Читаем Работы о Льве Толстом полностью

Итак, художественное внимание Толстого сосредоточено на методах разложения, опрощения и разоблачения душевной жизни в противовес прежнему изображению слитного потока чувств. Ряд романтических шаблонов, как война, Кавказ и т. д., подвергается тому же действию. После военных очерков особенности художест­венной манеры Толстого настолько определяются, что улавливаются критиками. А. В. Дружинин пишет в это время Толстому: «Есть у вас поползновение к чрез­мерной тонкости анализа, которое может разрастись в большой недостаток.

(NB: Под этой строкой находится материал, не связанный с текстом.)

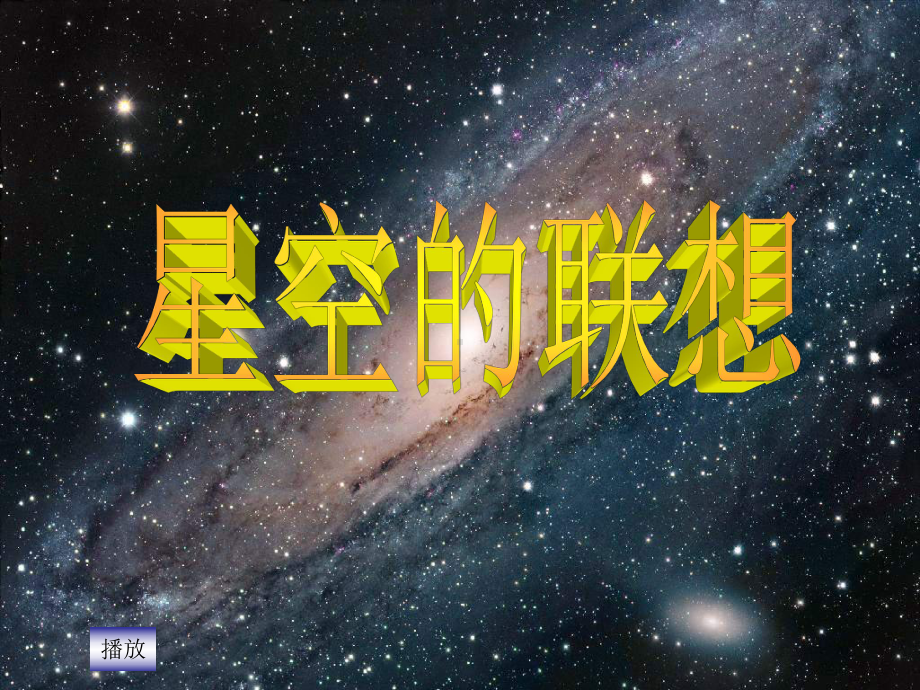 三年级上册美术课件-8《星空的联想》 人教新课标(共22张PPT).ppt_第1页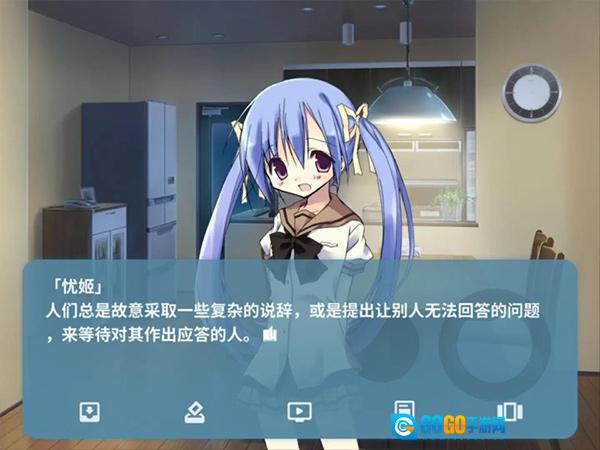 NOeSIS诉说谎言的记忆之物语手机版图3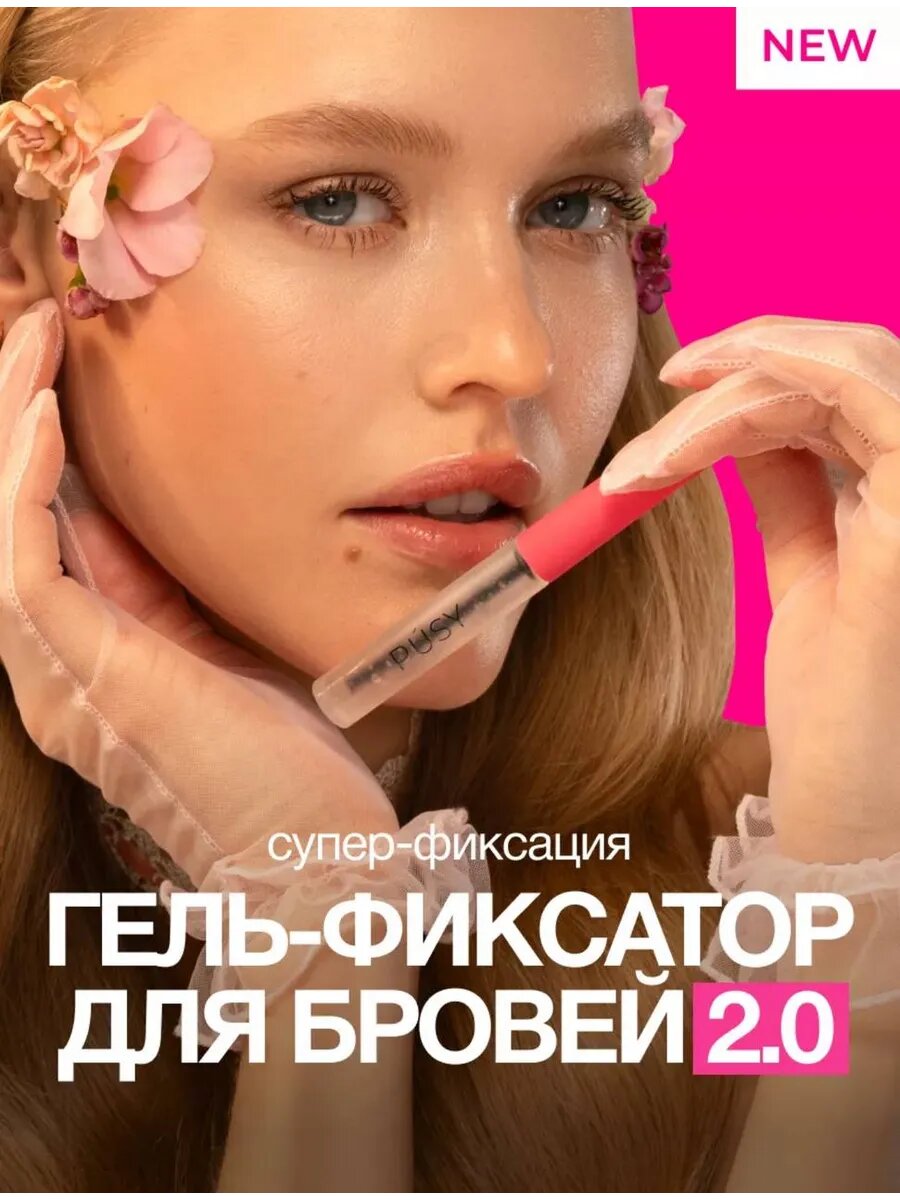 Гель - фиксатор для укладки бровей Pusy, бесцветный, стойкость 24 часа, 5 мл, (прозр/роз)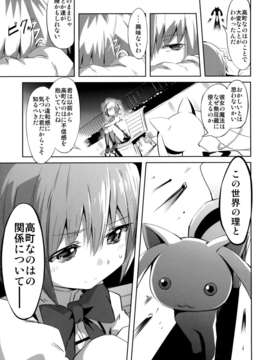 (C85) (同人誌) [モソーム (bun150)] Mado Nano CROSSOVER 6.0 (魔法少女まどか☆マギカ, 魔法少女リリカルなのは)_19
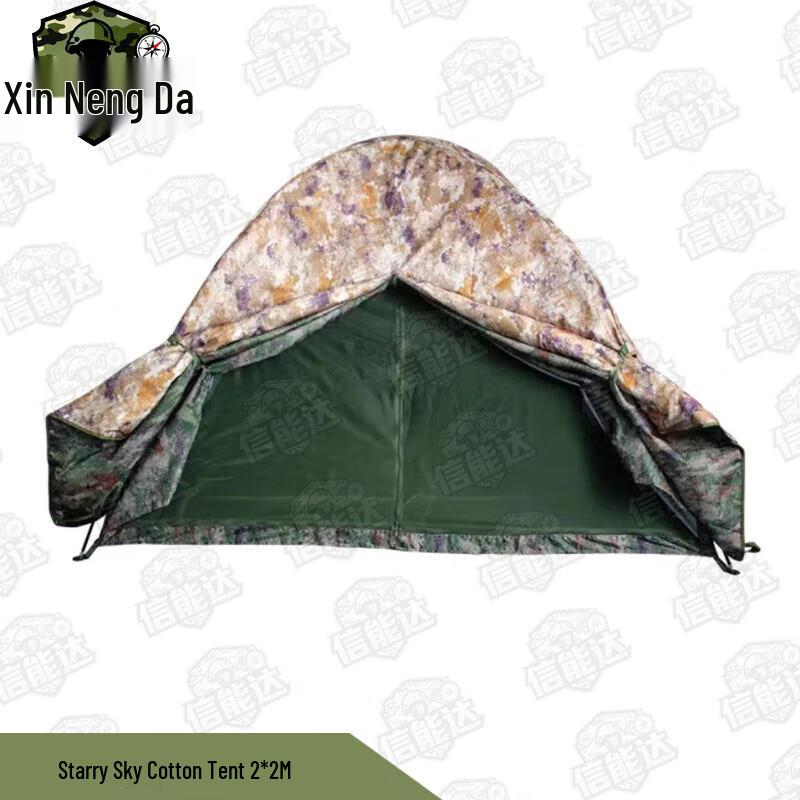 Xinnengda All-Season 2-Person Camping Tent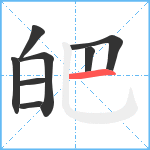 皅笔顺分解图片8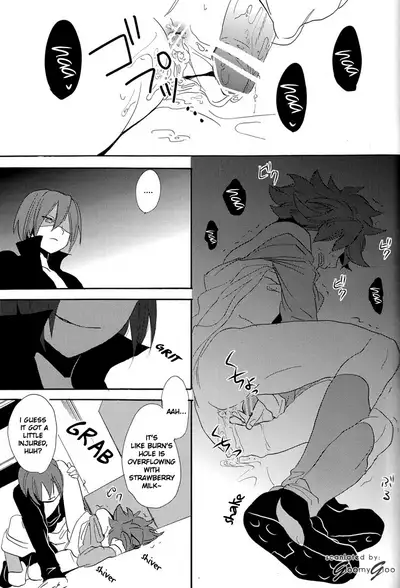 Naimono nedari | Asking for Too Much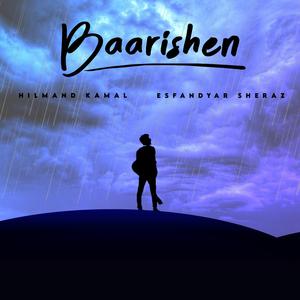 Baarishen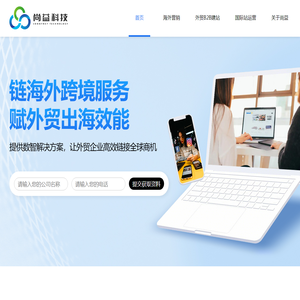 九块九·邮-物美价廉的家居、创意产品、车载配件、手机配件、零食、水果、办公编辑生活网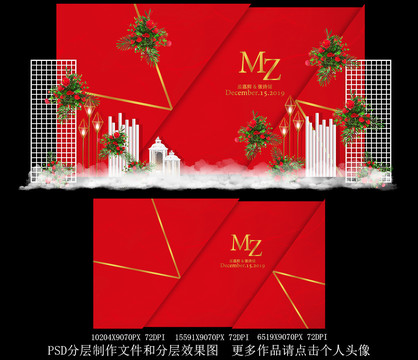 紅金大理石婚禮背景設(shè)計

Ино­гда вы готовы сказать: у такого-то ляжка показывала, что он желает путешествовать по Индии». Очень верно определил приемы психологического анализа Толстого Чернышевский, написавший в «Современнике» 1856 г. статью по поводу вышедших тогда отдельными изданиями «Детства» и «Отрочества» и «Военных рассказов». «Психологический анализ может принимать различные направления: одного по­эта занимают всего более очертания характеров; другого — влияние общественных отношений и житейских столкновений на характеры; третьего — связь чувств с действиями; четвертого — анализ страстей; графа Толстого всего более — сам пси­хический процесс, его формы, его законы, диалектика души, чтобы выразиться определительным термином... Внимание графа Толстого более всего обращено на то, как одни чувства и мысли развиваются из других... обыкновенно нам представ­ляются только... начало и конец психического процесса... Особенность таланта графа Толстого состоит в том, что он не ограничивается изображением результатов психического процесса: его интересует самый процесс, — и едва уловимые явления этой внутренней жизни, сменяющиеся одно другим с чрезвычайною быстротою и неистощимым разнообразием, мастерски изображаются графом Толстым». Эту особенность Чернышевский объясняет самоуглублением Толстого, его неутомимым наблюдением над самим собою.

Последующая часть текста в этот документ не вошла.